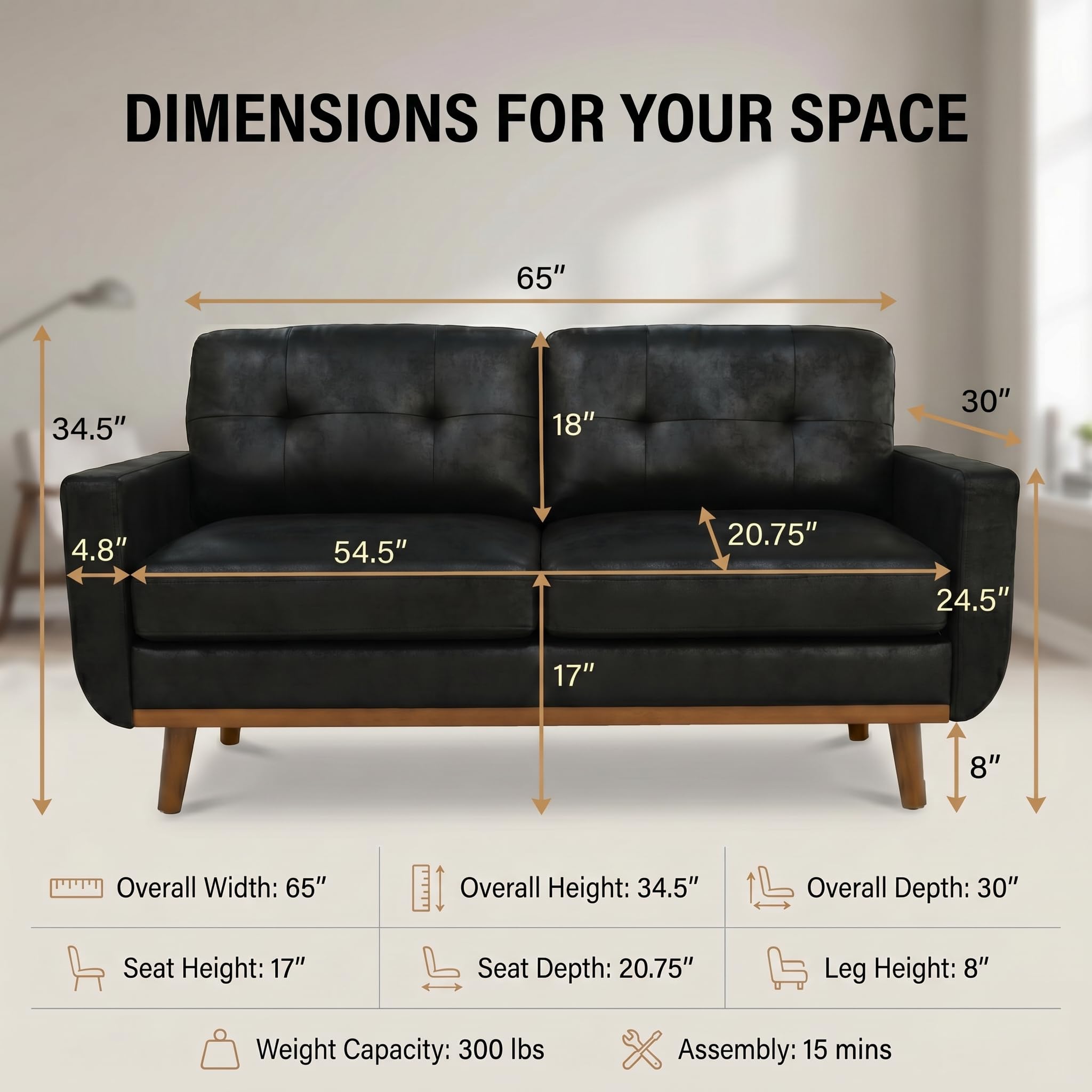 TYBOATLE 65" Loveseat Sofa, Mid Century Modern 2 Seater Couch Love Seat with Tufted Back, Square Arms & Wood Legs, Small Loveseat for Living Room, Bedroom, Apartment, Office (Black)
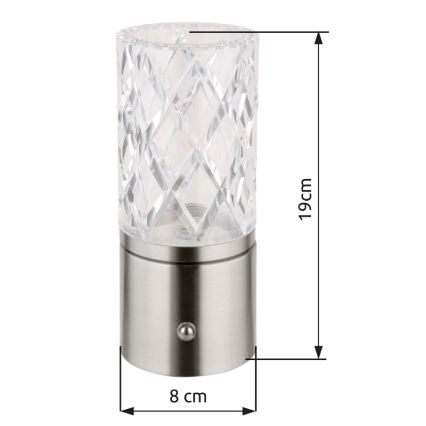 Globo - LED Stmievateľná dotyková stolná lampa LED/2,5W/3,7V 2700K/4000K/6500K 1800 mAh USB matný chróm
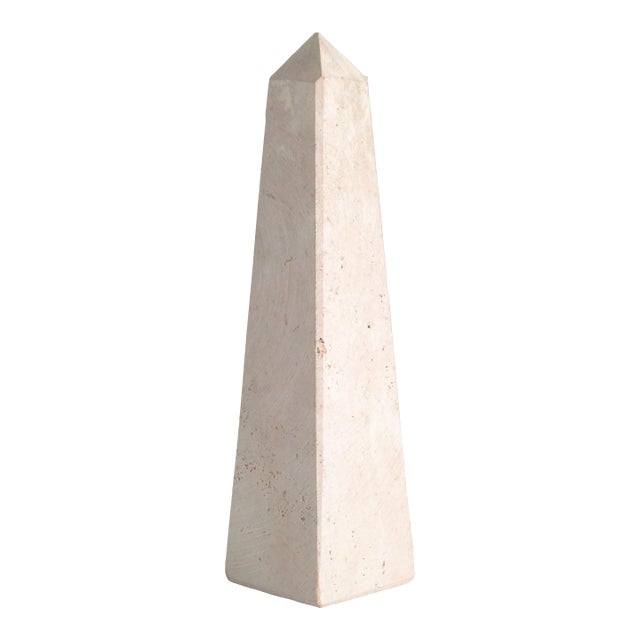 1980s Travertine Stone Mediterrane Obelisk For Sale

───

Set down the data exactly as it appears, without any images.

 TYBOATLE 65" Loveseat Sofa, Mid Century Modern 2 Seater Couch Love Seat with Tufted Back, Square Arms & Wood Legs, Small Loveseat for Living Room, Bedroom, Apartment, Office (Black)
 Globo - LED Stmievateľná dotyková stolná lampa LED/2,5W/3,7V 2700K/4000K/6500K 1800 mAh USB matný chróm
 1980s Travertine Stone Mediterrane Obelisk For Sale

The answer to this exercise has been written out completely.